Court of Civil Appeals of Texas, Texarkana
Mar 15, 1917
192 S.W. 1138 (Tex. Civ. App. 1917)

Opinion

No. 1688.

February 14, 1917. Rehearing Denied March 15, 1917.

Appeal from District Court, Harrison County; H. T. Lyttleton, Judge.

Action by Amanda Miles and another against the Texas Pacific Railway Company. Judgment for plaintiffs, and defendant appeals. Affirmed.

See, also, 192 S.W. 1139.

An engine pulling only a caboose, specially running east, struck a wagon right on the crossing of the public road in the village of Greenwood, La., and as a result thereof Cicero Miles, who was driving the wagon, was killed. The injury occurred on August 1, 1913, at 5 o'clock p. m. The surviving wife and the minor children of Cicero Miles bring this suit for damages sustained by reason of his death.
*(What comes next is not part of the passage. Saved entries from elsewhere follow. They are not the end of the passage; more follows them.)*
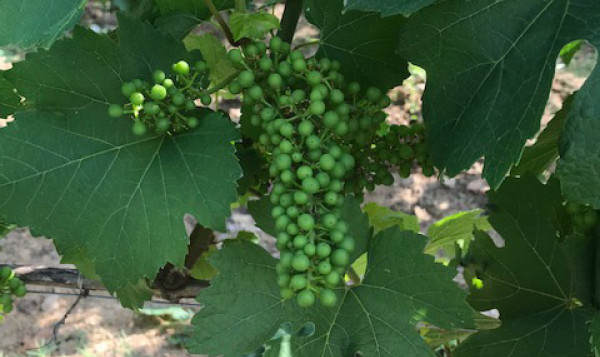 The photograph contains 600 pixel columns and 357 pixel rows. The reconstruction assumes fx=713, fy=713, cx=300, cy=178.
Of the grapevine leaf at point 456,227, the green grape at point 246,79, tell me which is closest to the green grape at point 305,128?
the green grape at point 246,79

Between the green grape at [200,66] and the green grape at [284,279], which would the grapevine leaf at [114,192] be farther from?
the green grape at [284,279]

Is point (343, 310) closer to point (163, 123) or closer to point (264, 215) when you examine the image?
point (264, 215)

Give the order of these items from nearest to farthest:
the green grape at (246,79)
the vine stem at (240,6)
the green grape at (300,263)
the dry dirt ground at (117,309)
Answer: the green grape at (300,263) → the green grape at (246,79) → the vine stem at (240,6) → the dry dirt ground at (117,309)

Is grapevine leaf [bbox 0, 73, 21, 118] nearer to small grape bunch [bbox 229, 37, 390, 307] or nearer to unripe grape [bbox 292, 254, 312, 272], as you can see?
small grape bunch [bbox 229, 37, 390, 307]

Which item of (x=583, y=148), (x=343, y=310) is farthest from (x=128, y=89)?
(x=583, y=148)

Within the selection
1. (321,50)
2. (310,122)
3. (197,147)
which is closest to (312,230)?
(310,122)

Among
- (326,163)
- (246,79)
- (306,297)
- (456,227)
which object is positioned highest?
(246,79) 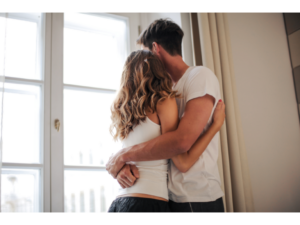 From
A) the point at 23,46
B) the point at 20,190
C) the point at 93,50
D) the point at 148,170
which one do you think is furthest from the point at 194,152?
the point at 23,46

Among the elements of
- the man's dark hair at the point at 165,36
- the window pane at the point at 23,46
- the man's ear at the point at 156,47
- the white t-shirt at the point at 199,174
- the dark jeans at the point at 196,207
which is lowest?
the dark jeans at the point at 196,207

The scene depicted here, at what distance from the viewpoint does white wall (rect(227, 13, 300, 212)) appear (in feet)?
7.43

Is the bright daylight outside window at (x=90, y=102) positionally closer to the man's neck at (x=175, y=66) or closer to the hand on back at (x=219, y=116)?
the man's neck at (x=175, y=66)

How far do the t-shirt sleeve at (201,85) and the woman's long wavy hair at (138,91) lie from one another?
87 millimetres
The negligence alleged in the petition is the failure of appellant's employés in charge of the train to keep a lookout for persons and vehicles likely to be at the crossing, and in not having the locomotive under proper control, and in approaching the crossing at a high rate of speed without ringing the bell or blowing the whistle as a warning of the engine's approach, and in the failure of the employés, after discovering the perilous situation of the deceased, to use the means they should have used to avoid injuring Cicero Miles. The defense relied upon was contributory negligence on the part of the deceased and the use of all means and effort to stop the engine before striking the wagon as soon as the approach of the wagon was observed. The verdict of the jury was in favor of appellees.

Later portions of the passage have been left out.